Material to process:
§ §
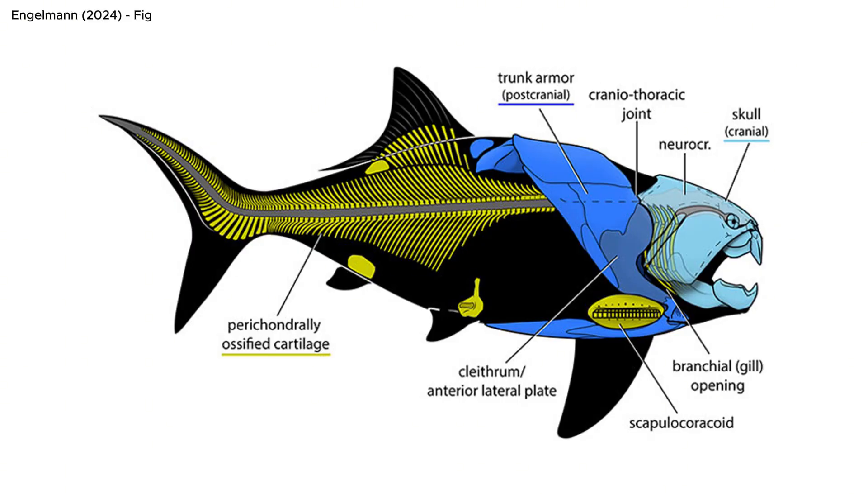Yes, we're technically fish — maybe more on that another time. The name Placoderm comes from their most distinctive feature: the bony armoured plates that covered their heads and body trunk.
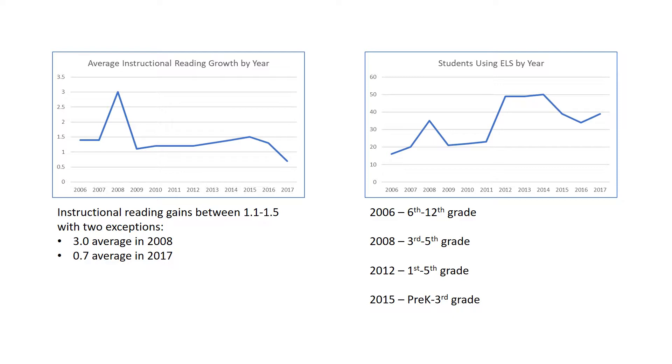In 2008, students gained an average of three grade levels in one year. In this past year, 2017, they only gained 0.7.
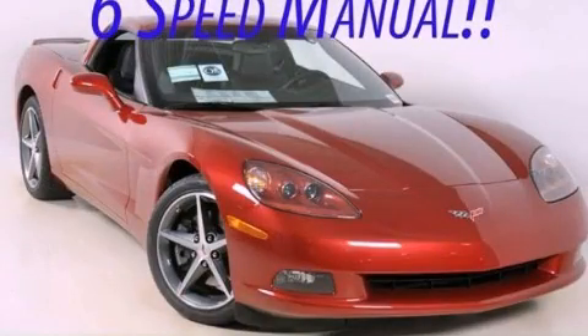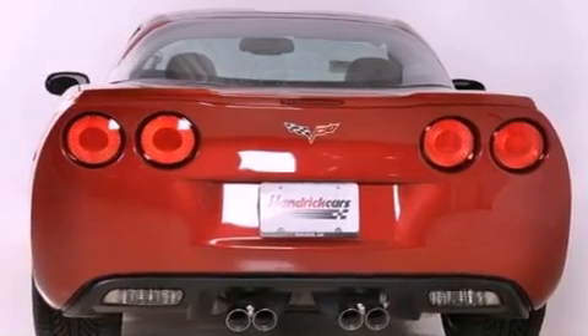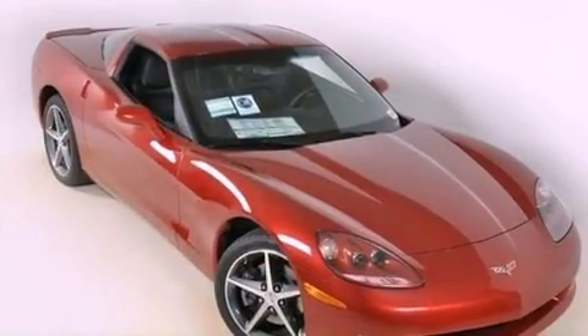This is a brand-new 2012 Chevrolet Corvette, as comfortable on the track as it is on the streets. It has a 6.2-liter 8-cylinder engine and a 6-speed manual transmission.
§ §
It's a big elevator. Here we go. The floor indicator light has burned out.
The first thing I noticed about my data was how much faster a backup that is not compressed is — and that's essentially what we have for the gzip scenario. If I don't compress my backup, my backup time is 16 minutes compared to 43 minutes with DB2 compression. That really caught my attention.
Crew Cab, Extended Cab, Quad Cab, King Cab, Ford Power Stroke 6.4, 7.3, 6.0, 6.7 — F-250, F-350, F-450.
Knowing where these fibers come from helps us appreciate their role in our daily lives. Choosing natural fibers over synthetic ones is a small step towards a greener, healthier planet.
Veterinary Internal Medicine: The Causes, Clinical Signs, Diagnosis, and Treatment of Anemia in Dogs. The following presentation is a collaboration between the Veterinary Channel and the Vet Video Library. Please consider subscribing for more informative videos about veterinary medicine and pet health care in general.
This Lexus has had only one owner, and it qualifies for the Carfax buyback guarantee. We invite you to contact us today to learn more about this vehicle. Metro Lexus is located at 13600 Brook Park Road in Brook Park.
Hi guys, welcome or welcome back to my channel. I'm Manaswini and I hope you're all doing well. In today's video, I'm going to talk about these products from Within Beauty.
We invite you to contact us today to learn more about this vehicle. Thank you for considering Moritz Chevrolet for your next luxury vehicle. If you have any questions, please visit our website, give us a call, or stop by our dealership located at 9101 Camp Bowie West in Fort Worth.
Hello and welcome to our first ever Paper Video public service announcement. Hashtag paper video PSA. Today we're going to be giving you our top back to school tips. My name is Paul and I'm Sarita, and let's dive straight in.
§ §
What the task requires:
Please copy each line of the entries in which the word "invite" shows up.

Answer for the task:
This Lexus has had only one owner, and it qualifies for the Carfax buyback guarantee. We invite you to contact us today to learn more about this vehicle. Metro Lexus is located at 13600 Brook Park Road in Brook Park.
We invite you to contact us today to learn more about this vehicle. Thank you for considering Moritz Chevrolet for your next luxury vehicle. If you have any questions, please visit our website, give us a call, or stop by our dealership located at 9101 Camp Bowie West in Fort Worth.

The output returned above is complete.